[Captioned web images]

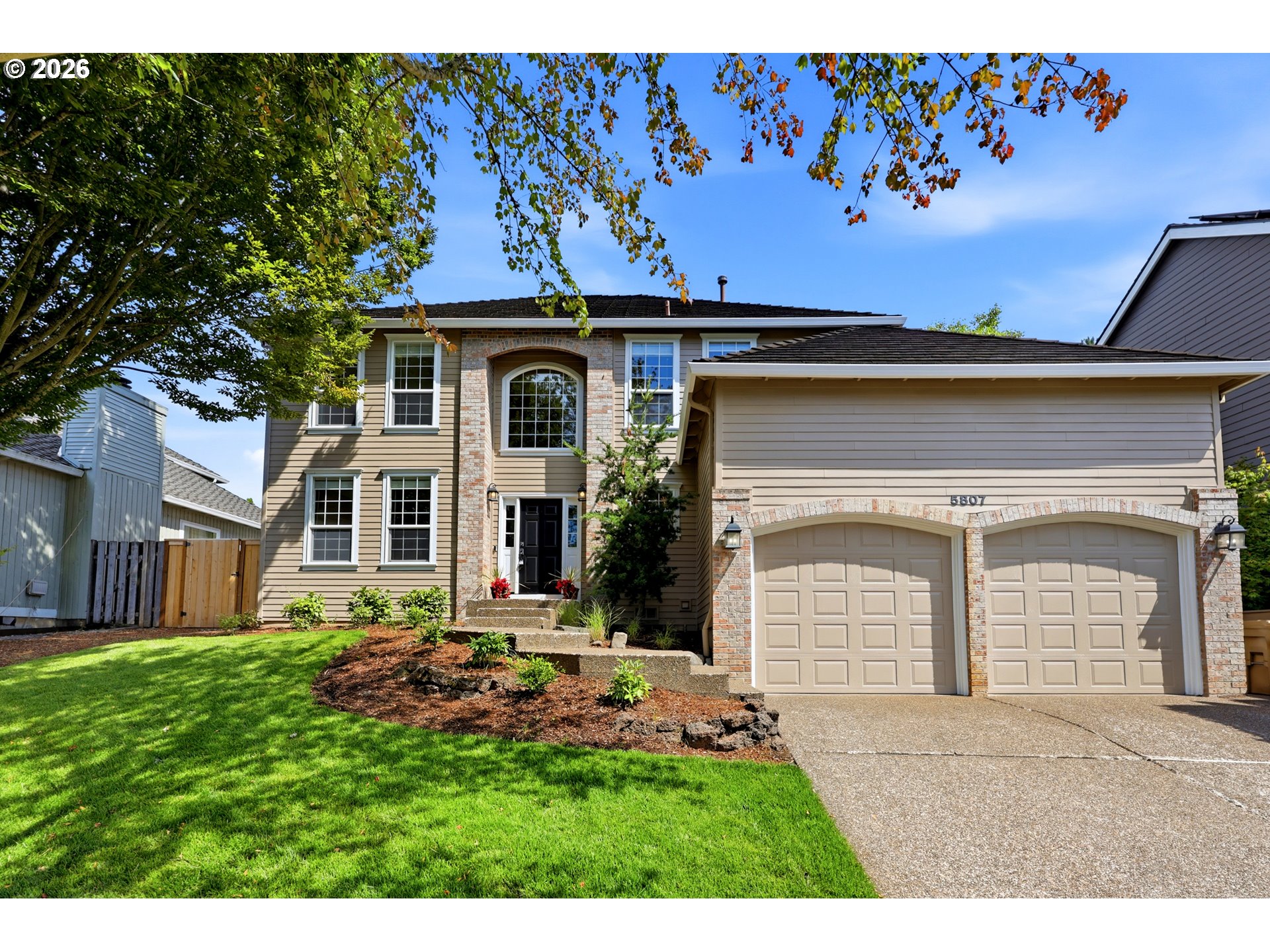 5807 Ridgetop Court Lake Oswego, OR 97035 - Photo 2 of 42 a front view of a house with a garden and yard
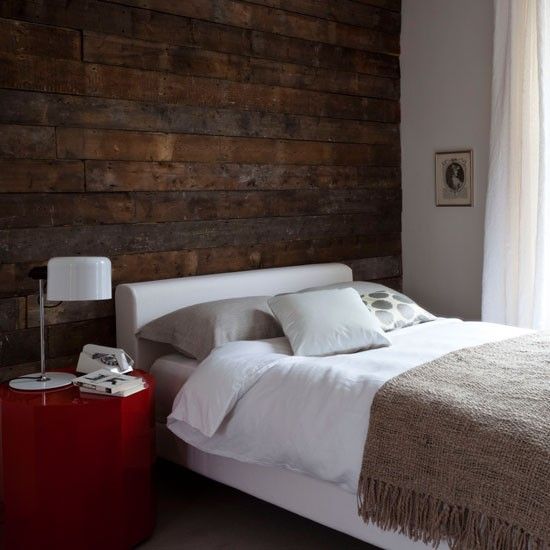 a dark reclaimed wooden wall adds a bold touch and texture to the modern bedroom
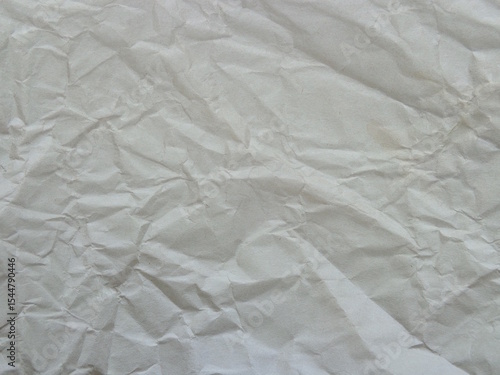 the texture of crumpled gray paper in close-up.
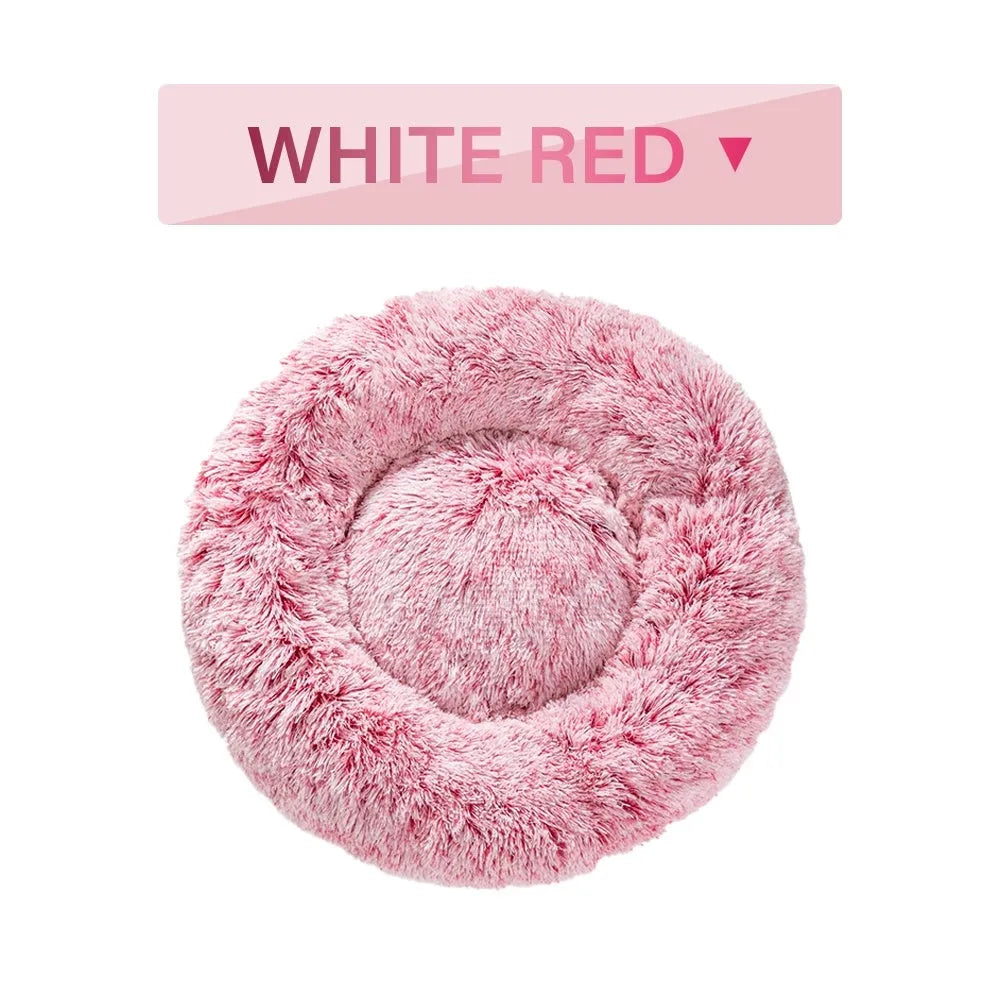 Fluffy grey donut-shaped dog bed with high plush sides on a wooden floor.
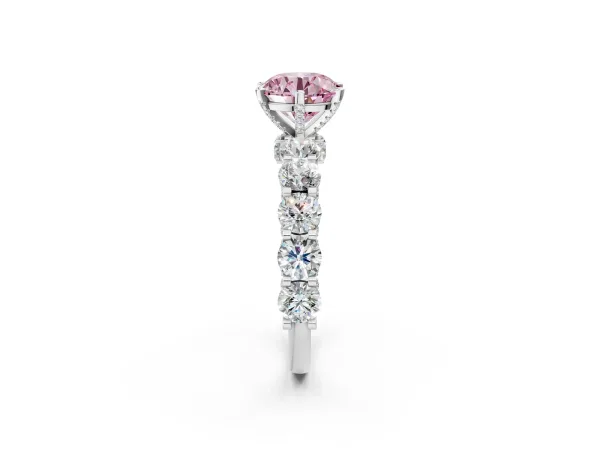 Fancy Pink Round Cut Diamond Side Stone Engagement Ring with Four-Prong Setting Platinum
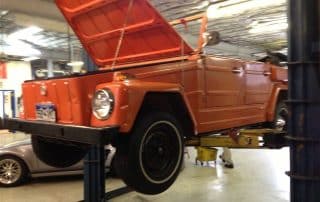 Orange vintage Volkswagen Thing on garage lift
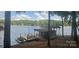 Dock with covered boat storage, dining table, boat, and beautiful clear water at 604 Fairway Shores Rd, Mount Gilead, NC 27306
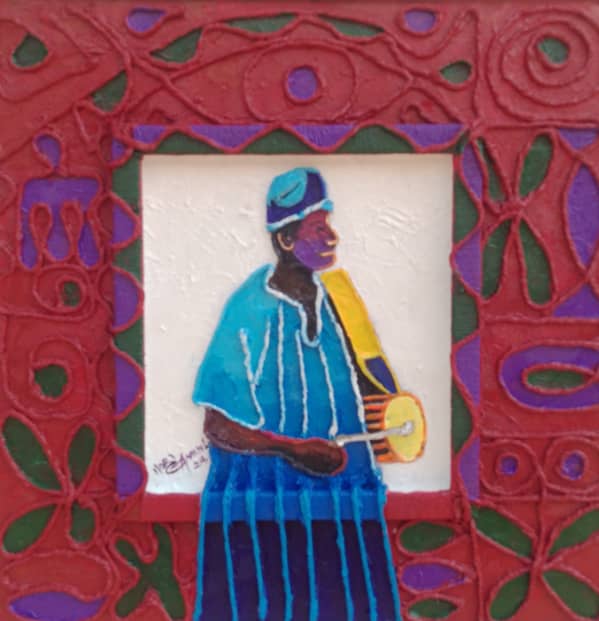 Man in blue agbada in a red frame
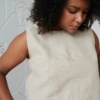 A model in a relaxed sleeveless linen top with a wide hem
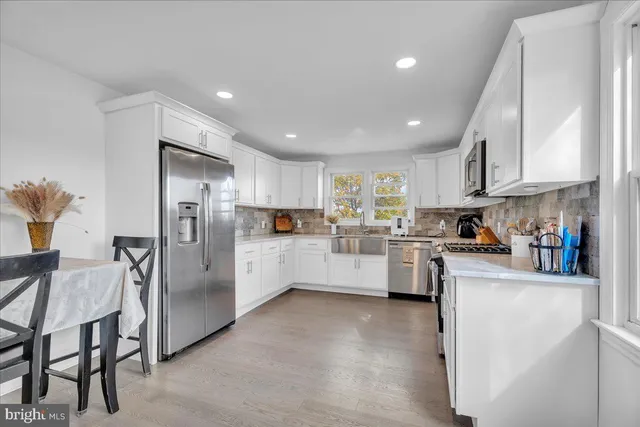 a kitchen with refrigerator and cabinets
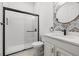 Contemporary bathroom with black framed shower, and elegant round mirror at 1118 S Moody Ave, Tampa, FL 33629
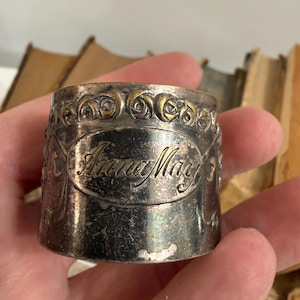 Puede incluir: Un servilletero plateado con el nombre "Anna May" grabado en escritura cursiva. El anillo tiene un dise&ntilde;o floral decorativo en el borde superior. El anillo est&aacute; en una mano.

*Try it*:
Starting at the line with "Dock with covered", write out every line exactly through the final line of the records above, both included, and skip the pictures.

*Written response*:
 Dock with covered boat storage, dining table, boat, and beautiful clear water at 604 Fairway Shores Rd, Mount Gilead, NC 27306
 Man in blue agbada in a red frame
 A model in a relaxed sleeveless linen top with a wide hem
 a kitchen with refrigerator and cabinets
 Contemporary bathroom with black framed shower, and elegant round mirror at 1118 S Moody Ave, Tampa, FL 33629
 Puede incluir: Un servilletero plateado con el nombre "Anna May" grabado en escritura cursiva. El anillo tiene un dise&ntilde;o floral decorativo en el borde superior. El anillo est&aacute; en una mano.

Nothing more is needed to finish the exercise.